The guidelines then instruct examiners to analyze various factors, reminding them that the analysis is one that requires weighing. Specifically, “[t]he determination of eligibility is not a single, simple determination, but is a conclusion reached by weighing the relevant factors, keeping in mind that the weight accorded each factor will vary based upon the facts of the application.” Some factors that push claims toward patent eligibility include:
a) Claim is a product claim reciting something that initially appears to be a natural product, but after analysis is determined to be non-naturally occurring and markedly different in structure from naturally occurring products.

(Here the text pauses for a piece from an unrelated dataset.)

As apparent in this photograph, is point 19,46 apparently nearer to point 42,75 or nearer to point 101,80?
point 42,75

b) Claim recites elements/steps in addition to the judicial exception(s) that impose meaningful limits on claim scope, i.e., the elements/steps narrow the scope of the claim so that others are not substantially foreclosed from using the judicial exception(s).
c) Claim recites elements/steps in addition to the judicial exception(s) that relate to the judicial exception in a significant way, i.e., the elements/steps are more than nominally, insignificantly, or tangentially related to the judicial exception(s).
d) Claim recites elements/steps in addition to the judicial exception(s) that do more than describe the judicial exception(s) with general instructions to apply or use the judicial exception(s).
e) Claim recites elements/steps in addition to the judicial exception(s) that include a particular machine or transformation of a particular article, where the particular machine/transformation implements one or more judicial exception(s) or integrates the judicial exception(s) into a particular practical application. (See MPEP 2106(II)(B)(1) for an explanation of the machine or transformation factors).
f) Claim recites one or more elements/steps in addition to the judicial exception(s) that add a feature that is more than well-understood, purely conventional or routine in the relevant field.
Guidelines, p. 4.
Finally, the guidelines provide the examiner with a series of hypotheticals, and some alternate scenarios involving those hypotheticals. Id. pp. 5-18. The hypotheticals, much like those found in the USPTO’s Written Description Training Materials and 2010 KSR Guidelines Update, are an attempt to illustrate the new standards, in action, as they might apply to all types of subject matter, not just DNA. For example, the guidelines discuss the eligibility of claims directed to fireworks and to a medicine derived from the leaves of a tree. DNA is not ignored, as there are also examples dealing with the eligibility of DNA primers, plasmids, and bacteria.
The guidelines also attempt to deal with some of the uncertainty surrounding the holding in Prometheus. In Prometheus, the Supreme Court stated that methods of diagnosing are not eligible subject matter if they do nothing “more than simply state the law of nature while adding the words ‘apply it.’” Slip. Op. at 3. To clarify this holding, the guidelines provide two examples: (1) A method for determining whether a human patient has degenerative disease X and (2) A method for treating a mood disorder in a human patient.
Although not binding on the examiner, and not law, the guidelines should prove a valuable resource for patent practitioners. It is likely that most examiners will use the three part test set forth in the guidelines to determine whether a claim is directed to patent eligible subject matter, or something that is naturally occurring. Claims drafted to conform to the test may stand a greater chance of being found patent eligible than others.